Crawled caption data:
--

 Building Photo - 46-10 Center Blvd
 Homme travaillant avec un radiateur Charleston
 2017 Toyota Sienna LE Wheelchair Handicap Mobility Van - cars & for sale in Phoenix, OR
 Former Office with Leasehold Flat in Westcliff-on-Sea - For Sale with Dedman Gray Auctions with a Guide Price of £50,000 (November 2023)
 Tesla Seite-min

--

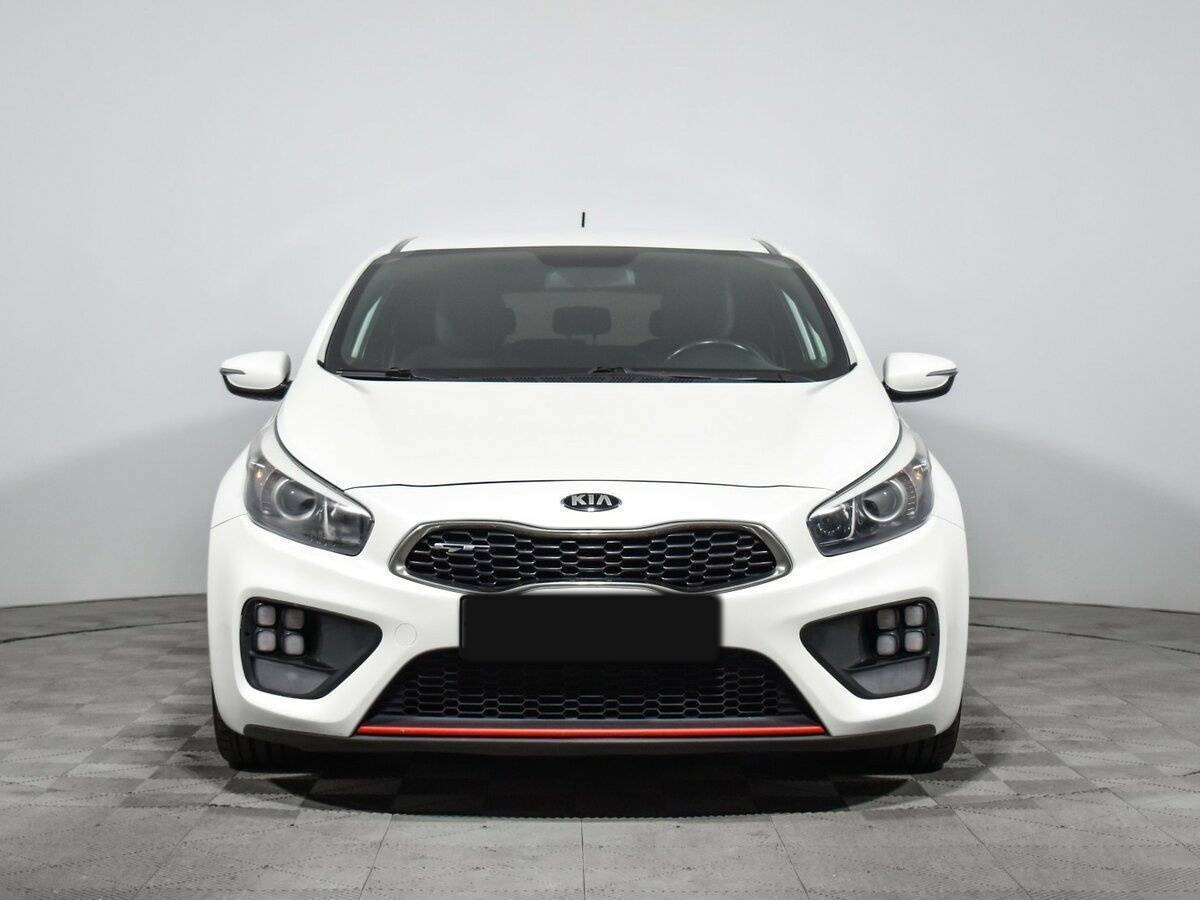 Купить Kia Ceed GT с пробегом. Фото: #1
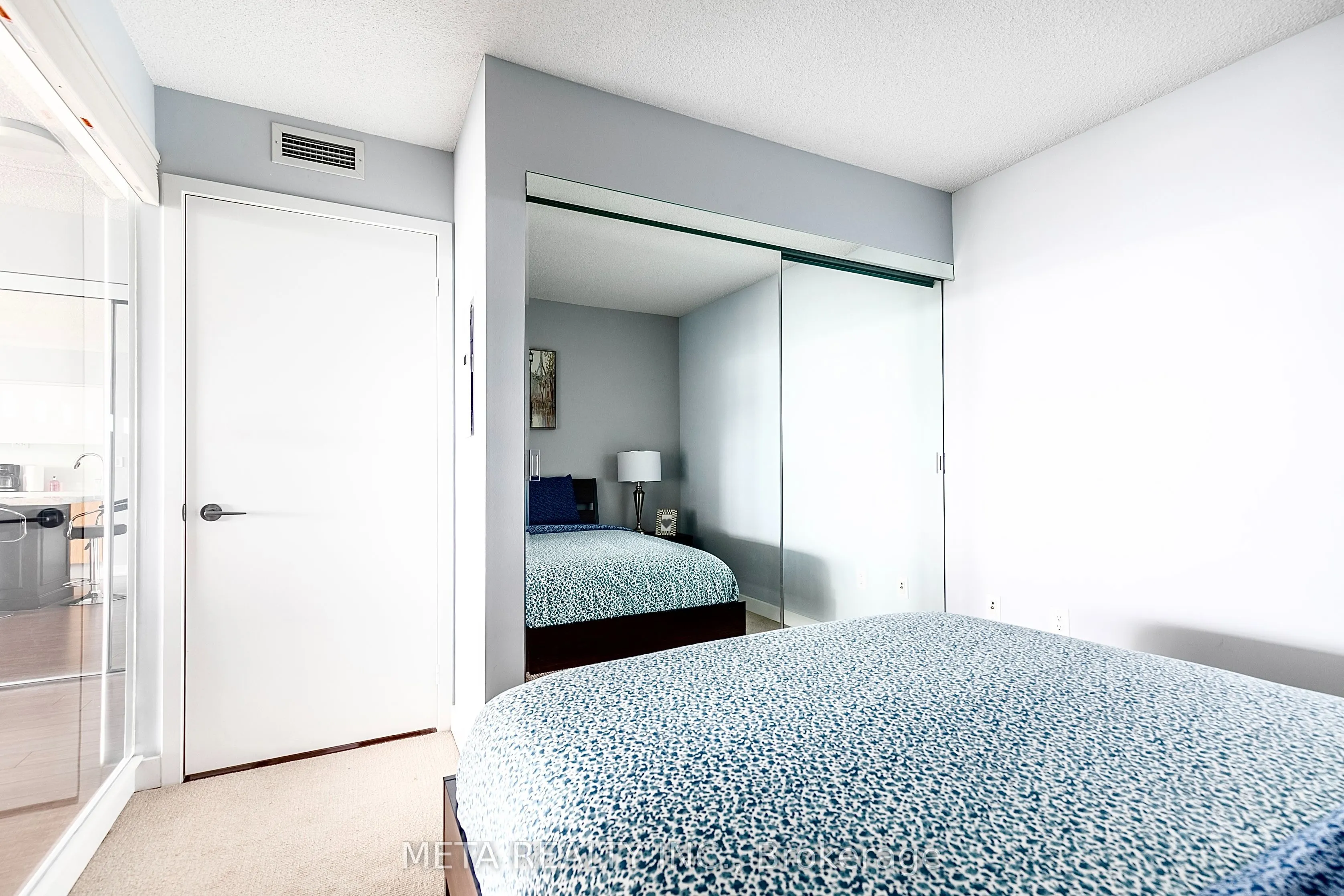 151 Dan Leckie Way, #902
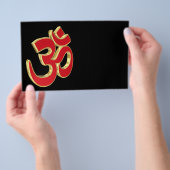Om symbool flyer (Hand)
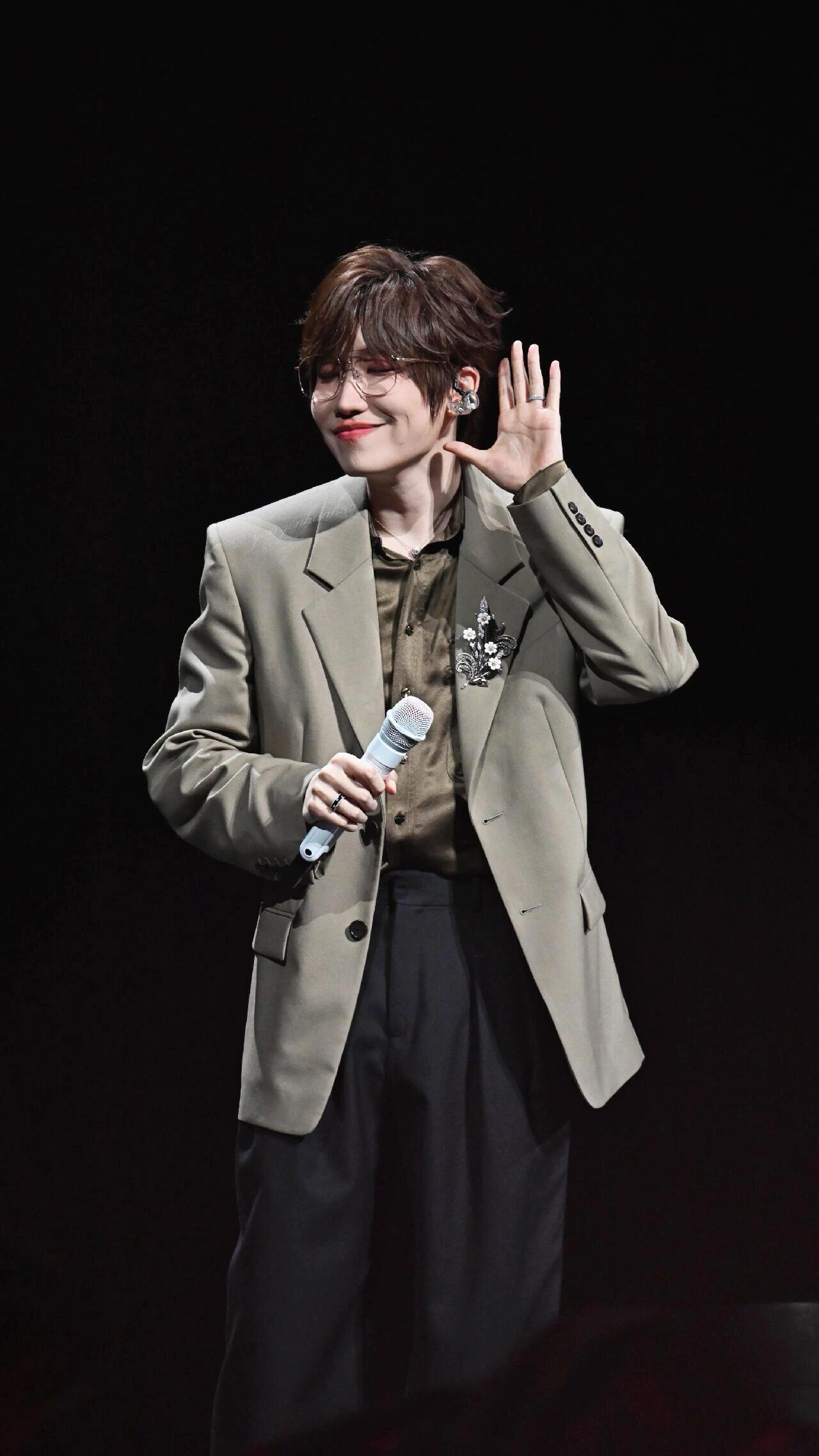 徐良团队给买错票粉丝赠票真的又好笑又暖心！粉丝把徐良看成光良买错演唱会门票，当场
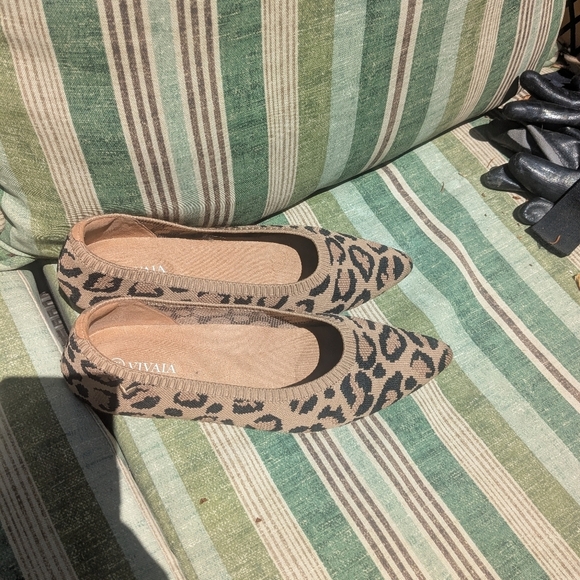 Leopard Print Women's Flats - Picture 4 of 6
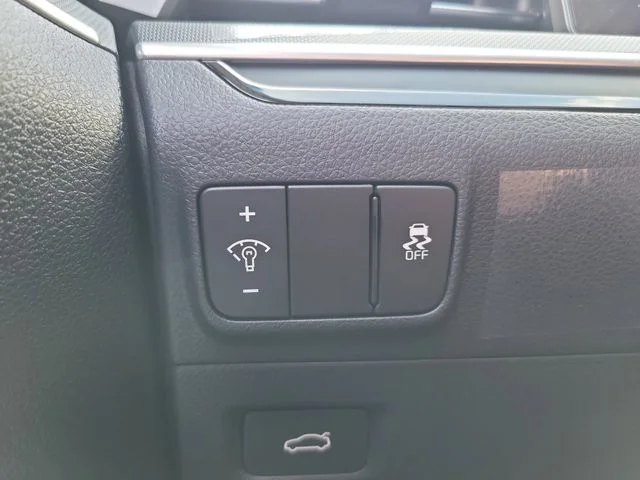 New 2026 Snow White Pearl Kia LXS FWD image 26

--

EXERCISE
Using the entries above, reproduce word for word only the lines from the one that contains "徐良团队给买错票粉丝赠票真的" to the one that contains "New 2026 Snow", both ends included, and drop every picture.

RESPONSE BELOW
 徐良团队给买错票粉丝赠票真的又好笑又暖心！粉丝把徐良看成光良买错演唱会门票，当场
 Leopard Print Women's Flats - Picture 4 of 6
 New 2026 Snow White Pearl Kia LXS FWD image 26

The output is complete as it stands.